Lobe are in there, if only for their first abum, one of my favourites from mid-90s electronica. And I'm happy to include more recent discoveries (for me anyway): the deliciously ambient Library Tapes (aka Swede David Wenngren) and Gary Lucas, one-time Beefheart guitarist, both courtesy of another Gary. Led Zep? Well, if only for their third album.
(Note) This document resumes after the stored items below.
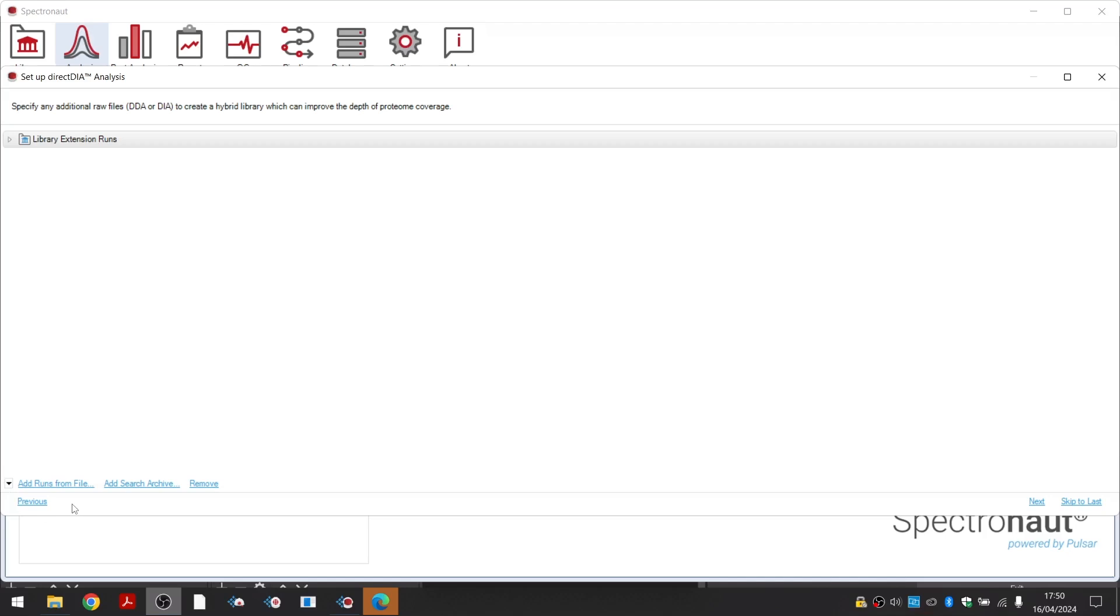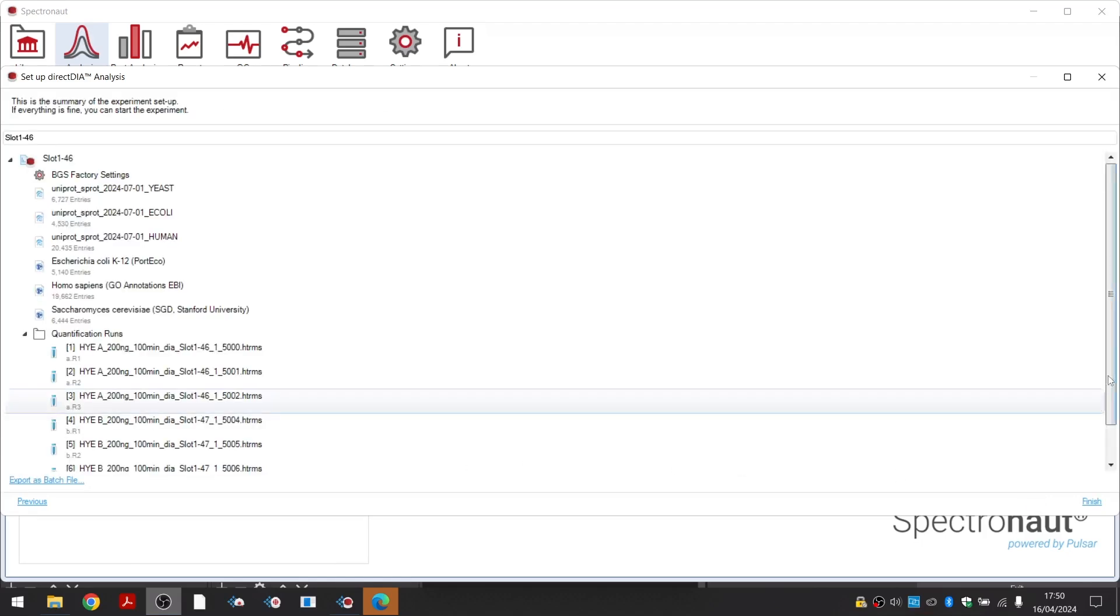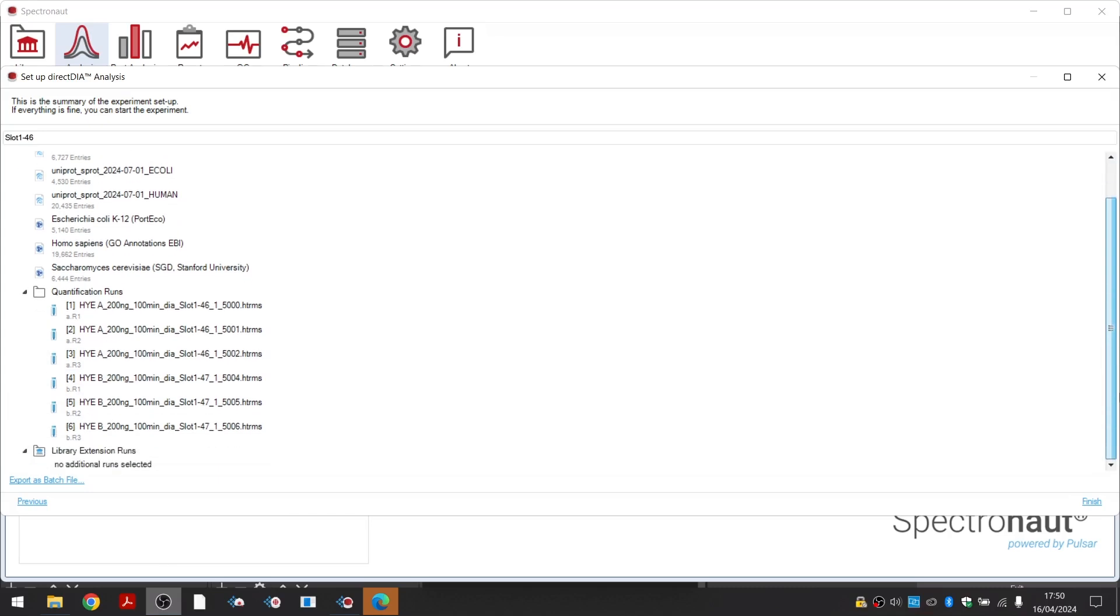If you have already processed DIA or DDA data of the same sample type using Pulsar, you can use search archives of those searches instead of the raw files. This helps to reduce additional analysis time. The last page shows an overview of the whole experiment setup. Clicking Finish will start processing your data.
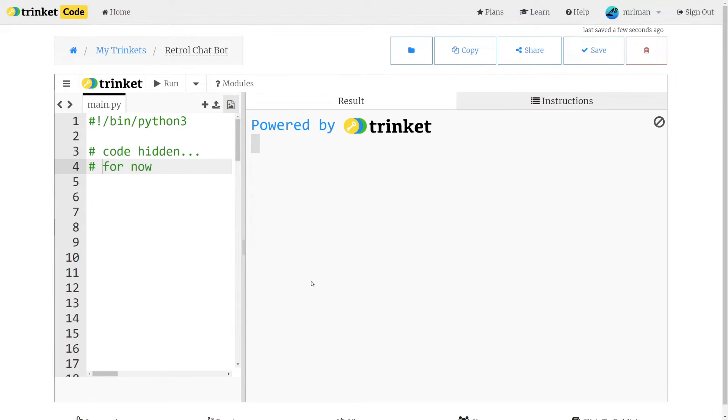Welcome! This is a short tutorial to help you get started with the Python programming language. We will be creating a retro chatbot.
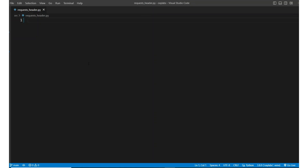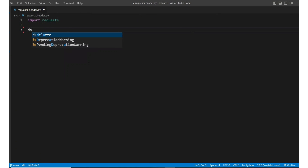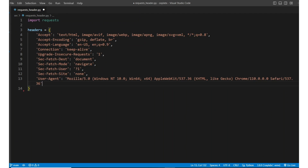Let's see an example of how you can set up headers in Python to bypass the 403 error. In this code, we are using a Chrome browser user agent with the headers that are supported by Chrome.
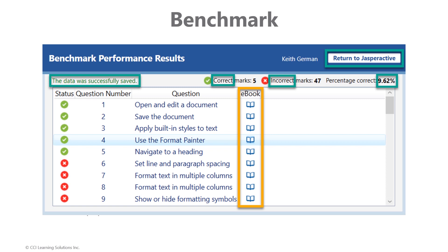As a reminder, the results of the benchmark help create your individualized learning plan. I would note here though that grade results are stored in the system. As such, you do not need to report results to your instructor in order to proceed to lesson exercises. At this point, click the Return to Jasperactive button in the top right hand corner.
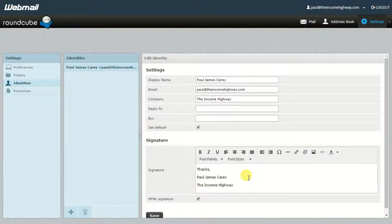That's basically how you go ahead and change your email signature using Roundcube, logging in via the likes of cPanel. I hope you were able to get a bit of value from this information and I hope that it did help you today. Have a fantastic day and I'll talk to you again soon.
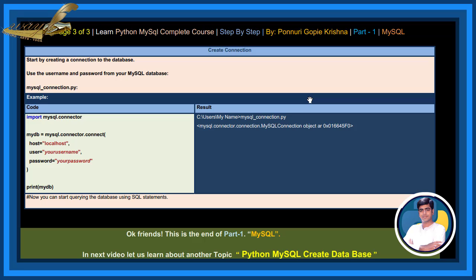Okay, friends. This is end of part one, MySQL. In next video, let us learn about another topic, Python MySQL create database.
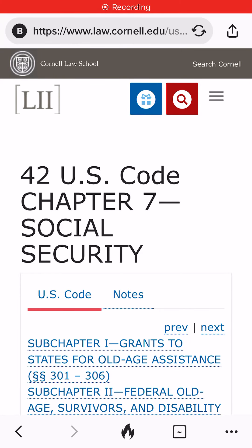I want to show y'all something. This is 42 U.S. Code Chapter 7. It's called Social Security. This is all about what they're going to do with your Social Security money.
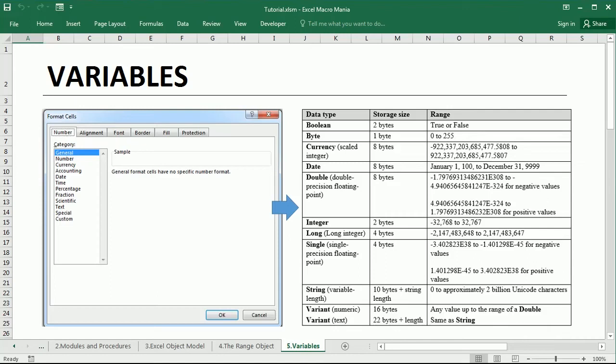Hello and welcome to the channel. This is part 5 of the Excel VBA tutorial for beginners. In this video we'll talk about variables and we will learn to declare, define and use variables in VBA.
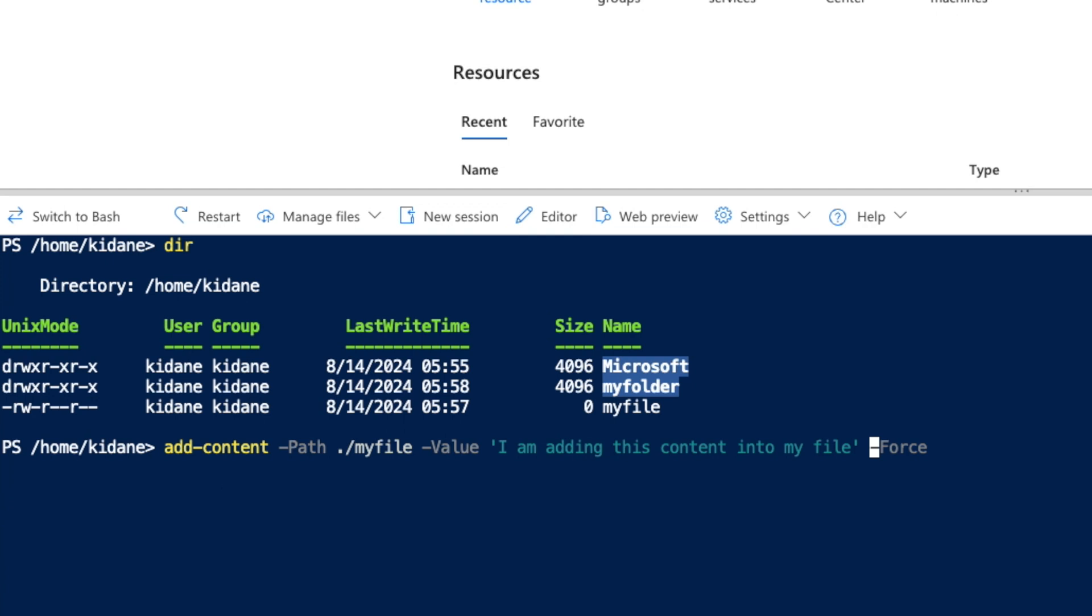So yeah, this is enough. I don't have to force it. Force is if we need to override or do some extra stuff where there's some issues like permission or other things. But we don't have any problem, we're adding to the file that I own, so it's fine.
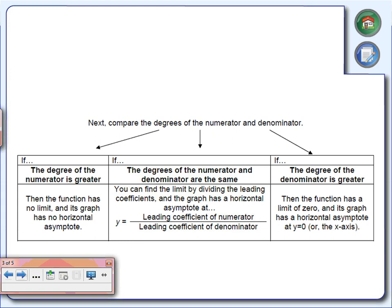We've got a name for that large exponent — we call it the degree. Here are three possibilities. Number one: if the degree of the numerator is greater — any time we have a larger exponent in the numerator — there will be no horizontal asymptote. If we have a bigger exponent on top than on the bottom, there is no horizontal asymptote.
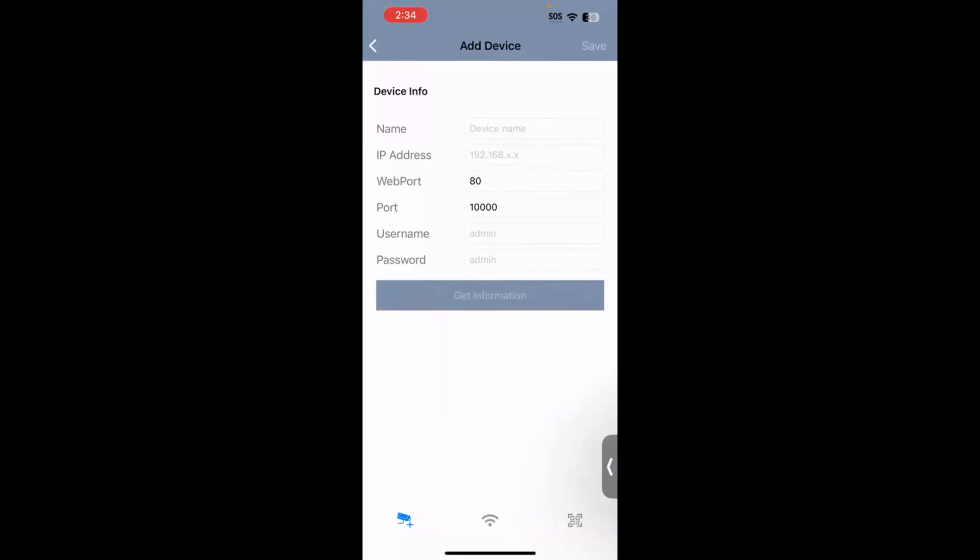After you scan the QR code, it will bring you right back to this page where your IP address field would be populated. You'll just need to enter in your username and password, and it might ask you to create a name in the top field there. You can name it whatever you would like. Once you enter in the username and password, you hit Get Information, and then once it registers the cameras and shows them down below, you will hit Save in the top right-hand corner.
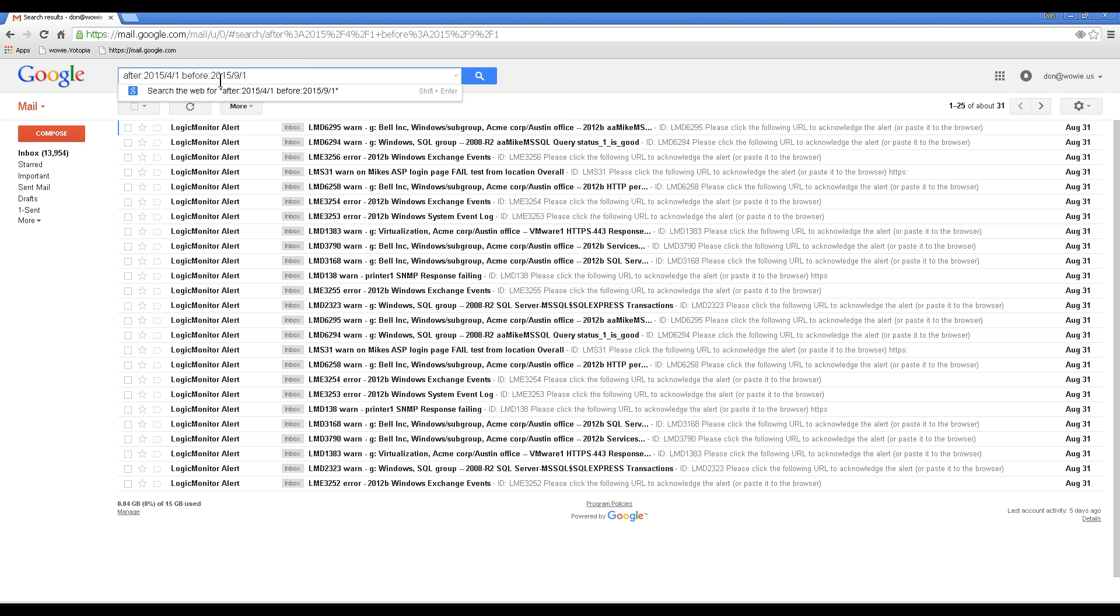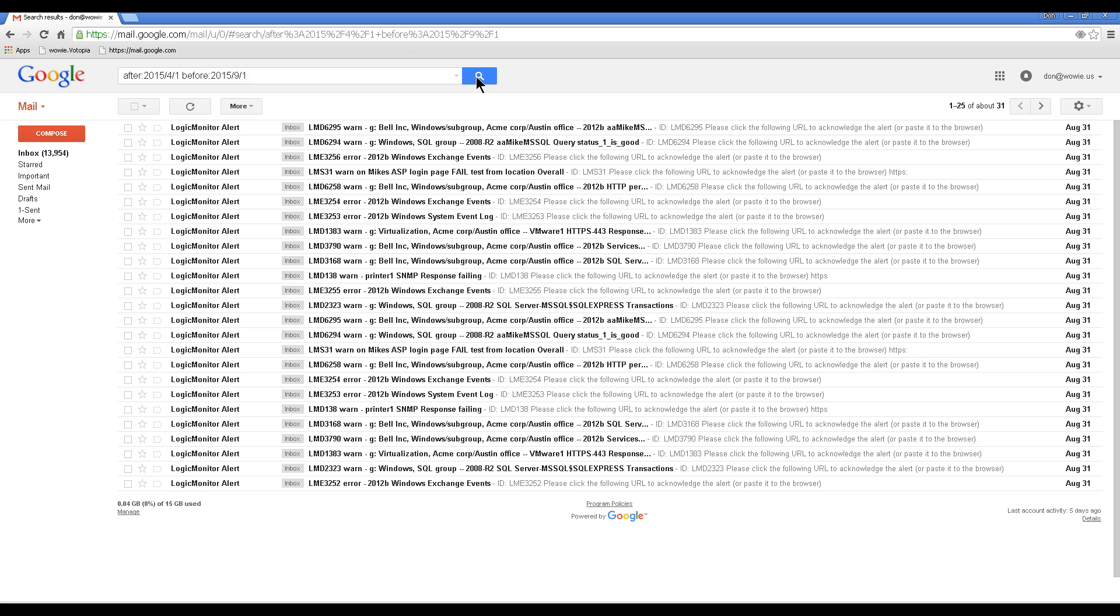Start at the top where I've already typed in the syntax: 'after:' followed by the date, then 'before:' and another date. The format is year, month, day for both. Now if I click search,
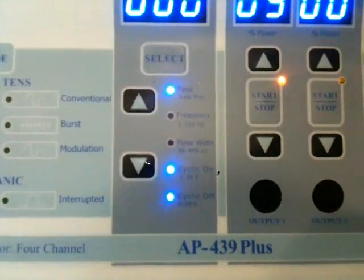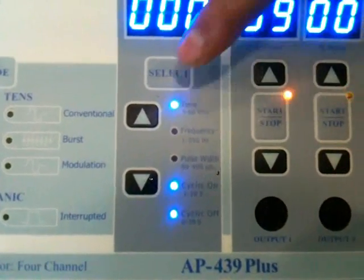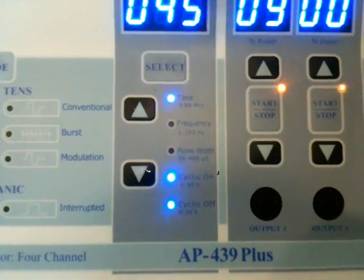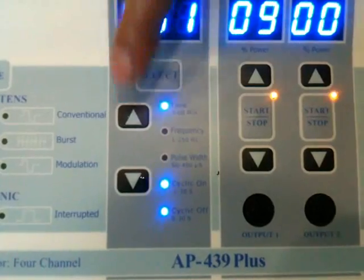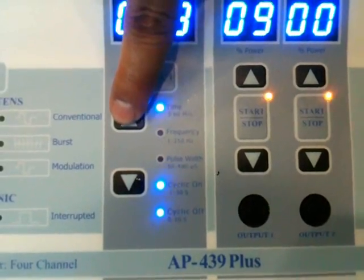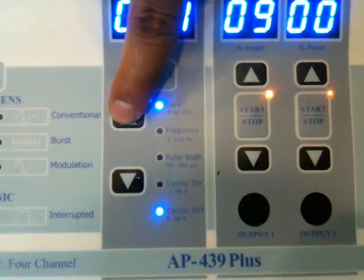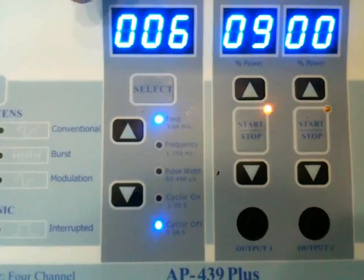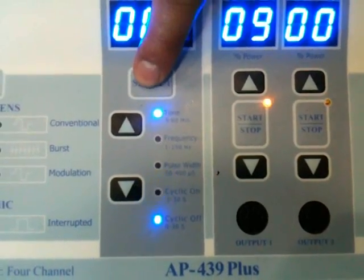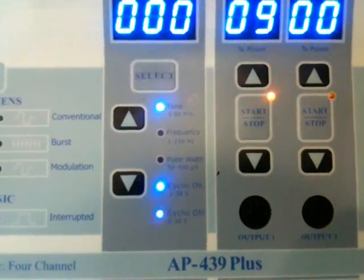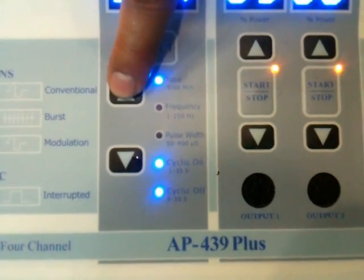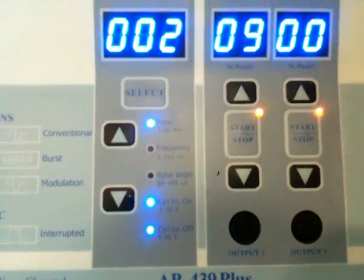Here are the selection parameters. Time is fixed as we set in the first channel — time will be common for both channels. Now it's cyclic off. You can rise.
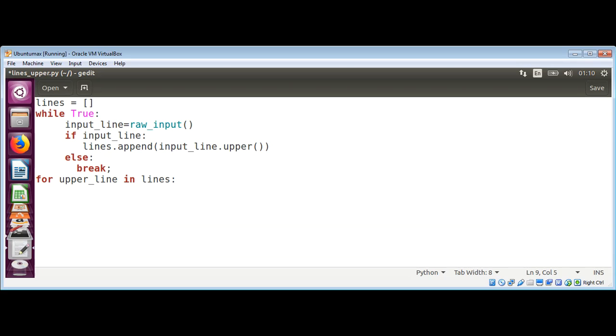Here we're going to call the print function with upper_line. We're printing each line from the list.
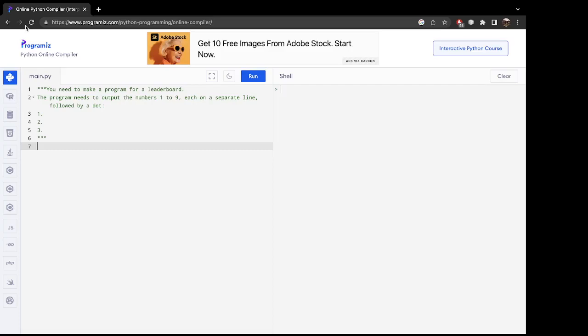You can see the example right up here showing how they want it to look. We're going to follow that example. I'm going to start with one period, and this is going to be using the backslash.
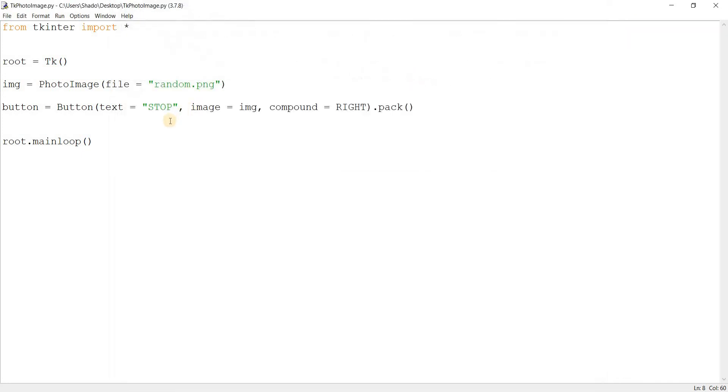It's actually pretty common because let's say you want to open something, right? There's usually a little folder sign next to it. So it's actually very common to use images and text on buttons at the same time.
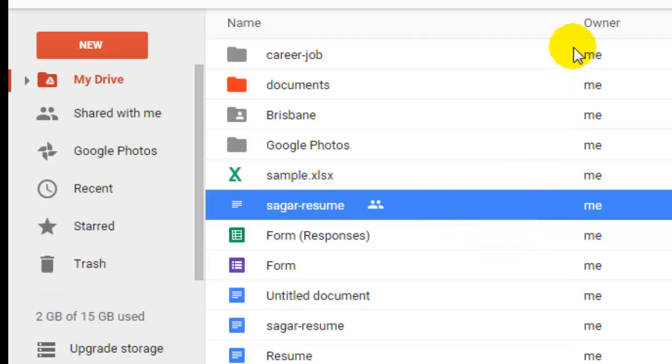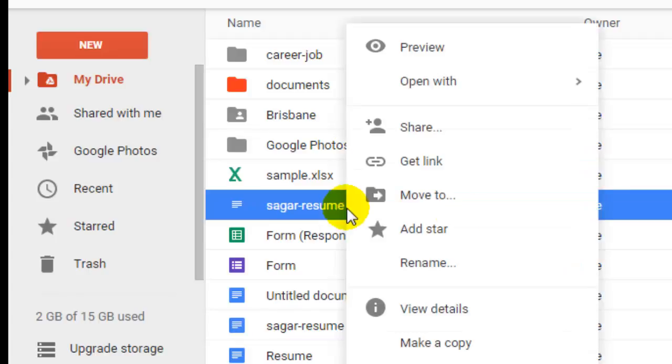As you can see, I'm the owner of that file. This file is also shared with other people. So if I want to transfer this ownership to someone else, what I do is...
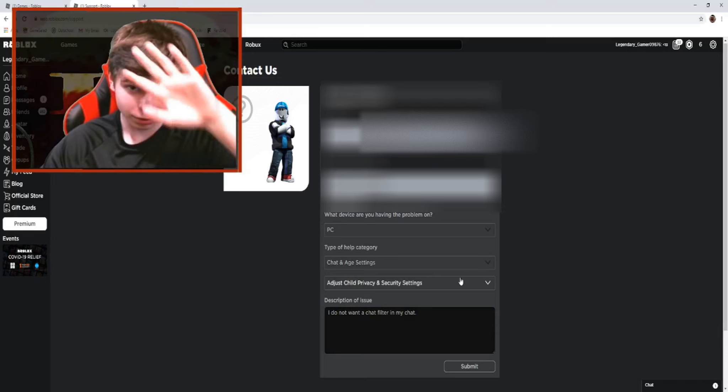First of all, you need to search up Roblox support and go to their support page. This will also be left in the description — the Roblox support page if you need it. It's also just roblox.com/support.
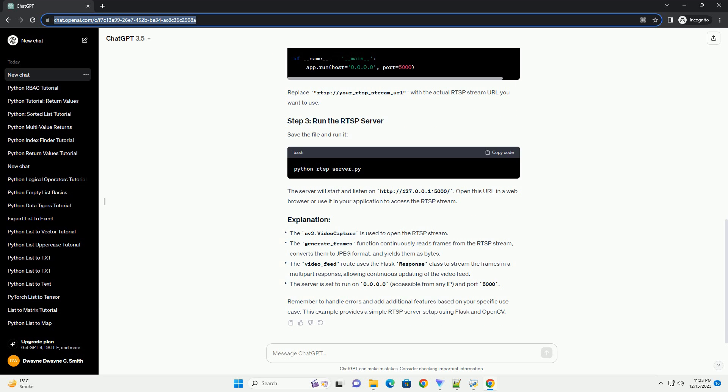Creating an RTSP server in Python can be accomplished using the CV2 library for video processing and the Flask library for handling the HTTP requests. Below is a step-by-step tutorial with a code example to guide you through the process.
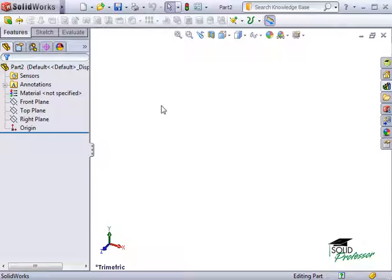Up to this point, all the sketches we have looked at have been on a reference plane. One thing I want to show you is that you are not confined to sketching just on reference planes.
But there's a ton of others: Ligeti, Alvin Lucier; Dickie Landry, The Lost Jockey, Little Feat, John Lennon, Liliental, Lemon Kittens, Pacale Languirand, Daniel Lentz, Benjamin Lew, Logic System, Lounge Lizards, Laraaji, Lydia Lunch, Laibach, Lights in a Fat City, Lush, Loop, Alan Lamb, Daniel Lanois, Lamb, Laika, Robert Leiner, Leftfield, LFO, Locust, Loop Guru, LaBradford, Ladysmith Black Mambazo, Ladytron, Landing, Larsen & Friends, Lost in Hildurness, Le Lendemain... most of which could have ousted half of the 'Top Ten'.

Friday, October 29, 2010

One step forward, one step back

Up and down day. Very positive meeting with the State Administration of Cultural Heritage about a long term programme of UK-China co-operation, followed by a long, tense teleconference with London about something else and involving too many people. Twelve hours in the office. Looking forward to the weekend.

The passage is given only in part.